Just one listen to If I Was will tell you The Staves have changed since their debut album was released in 2012. Of course, the sisters haven't abandoned their beautiful, signature close harmonies, but they have bolstered them with a clutch of multi-layered, hugely ambitious songs, recorded with the scale and confidence that can only come after three years on the road. Blood I Bled opens The Staves' second album If I Was, and was indeed the first track written, recorded, and released from the album, hinting at the world of possibilities Emily, Jessica and Camilla have gone on to explore.
"It almost made it onto the first album," says Camilla, "but it just wasn't ready. It didn't sit with anything else and we didn't really know how to finish it off." The song lay dormant while they performed all over the world, including appearing alongside Mumford & Sons during their Glastonbury headlining slot in 2013 and several tours with American cult heroes Bon Iver.
Having formed strong friendships with the latter band's founder Justin Vernon and his assembled gaggle of players, the sisters were invited to his April Base studio in Wisconsin to work on whatever music they had in a relaxed, idyllic setting."There was no plan to make a record there, or even demo anything, it was initially just to hangout and play some music with Justin. There was no pressure at all, we didn't even tell our label we were going. Pretty soon Blood I Bled, along with a handful of other song ideas had been resurrected, rewritten and roughly recorded, with one trip to Wisconsin quickly leading to another, when things were made more official.

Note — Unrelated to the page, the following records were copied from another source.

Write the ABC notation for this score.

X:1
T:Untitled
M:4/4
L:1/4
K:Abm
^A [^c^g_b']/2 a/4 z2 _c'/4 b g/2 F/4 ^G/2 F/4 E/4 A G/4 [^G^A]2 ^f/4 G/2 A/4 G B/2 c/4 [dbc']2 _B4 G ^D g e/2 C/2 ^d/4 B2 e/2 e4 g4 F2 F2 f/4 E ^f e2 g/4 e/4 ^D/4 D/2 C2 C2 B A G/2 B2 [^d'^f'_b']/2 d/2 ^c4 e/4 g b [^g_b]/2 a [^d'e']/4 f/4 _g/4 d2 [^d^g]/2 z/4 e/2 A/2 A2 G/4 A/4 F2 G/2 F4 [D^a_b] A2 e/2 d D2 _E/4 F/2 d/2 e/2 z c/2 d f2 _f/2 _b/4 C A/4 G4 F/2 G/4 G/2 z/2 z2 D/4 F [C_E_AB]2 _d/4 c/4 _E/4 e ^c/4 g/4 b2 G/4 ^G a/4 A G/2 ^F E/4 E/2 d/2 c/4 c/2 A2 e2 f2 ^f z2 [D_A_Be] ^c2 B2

The resulting album, made during The Staves' five eventual visits to Wisconsin, is as stunning as the snow covered landscape it was recorded in; at once deeply personal to each sister, fuelled by heartbreak and individual turbulence, it's also full of hope, redemption and positivity for an uncertain future. "It was magical," adds Jessica. "The snow was neck-high outside, so we were sort of trappedinside. Cabin fever sets in, but it’s really conducive to working.”